Question

A certain genetic characteristic of a particular plant can appear in one of three forms (phenotypes). A researcher has developed a theory, according to which the hypothesized proportions are p1 = 0.25, p2 = 0.50, and p3 = 0.25. A random sample of 200 plants yields X2 = 4.88. (a) Carry out a test of the null hypothesis that the theory is correct, using level of significance α = 0.05. (Use technology. Round your answer to four decimal places.) P-value = State the conclusion in the problem context. Fail to reject H0. There is convincing evidence that the researcher's theory is incorrect. Reject H0. There is not convincing evidence that the researcher's theory is incorrect. Fail to reject H0. There is not convincing evidence that the researcher's theory is incorrect. Reject H0. There is convincing evidence that the researcher's theory is incorrect. (b) Suppose that a random sample of 300 plants had resulted in the same value of X2. How would your analysis and conclusion differ from those in part (a)? The previous analysis did not yield a significant result and the null hypothesis failed to be rejected. The new analysis would yield a significant result and the null hypothesis would be rejected. The analysis and conclusion would not change. The previous analysis yielded a significant result and the null hypothesis was rejected. The new analysis would not yield a significant result and the null hypothesis would fail to be rejected.

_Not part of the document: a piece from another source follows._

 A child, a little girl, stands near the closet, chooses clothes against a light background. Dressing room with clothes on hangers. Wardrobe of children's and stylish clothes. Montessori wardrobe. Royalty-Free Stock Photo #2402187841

please also eaplain how do you calculate the number expected

Answer 1

(a) Carry out a test of the null hypothesis that the theory is correct, using level of significance α = 0.05. (Use technology. Round your answer to four decimal places.) P-value = 0.0872

State the conclusion in the problem context.

Fail to reject H0. There is not convincing evidence that the researcher's theory is incorrect.

(b) Suppose that a random sample of 300 plants had resulted in the same value of X2. How would your analysis and conclusion differ from those in part (a)?

The analysis and conclusion would not change.

Irrespective of the numbers, the statistic takes into consideration only the number of classes(in this case 3) and hence, the degrees of freedom for is the same in both the instances.

please also explain how do you calculate the number expected

The expected values(frequencies) are obtained by multiplying the total by the Hypothesized proportions.

For example, when the number of plants are 200, the expected counts will be for the first phenotype=200*0.25=50,For the second phenotype it is 200*0.5=100 and for the third it is 200*0.25=50.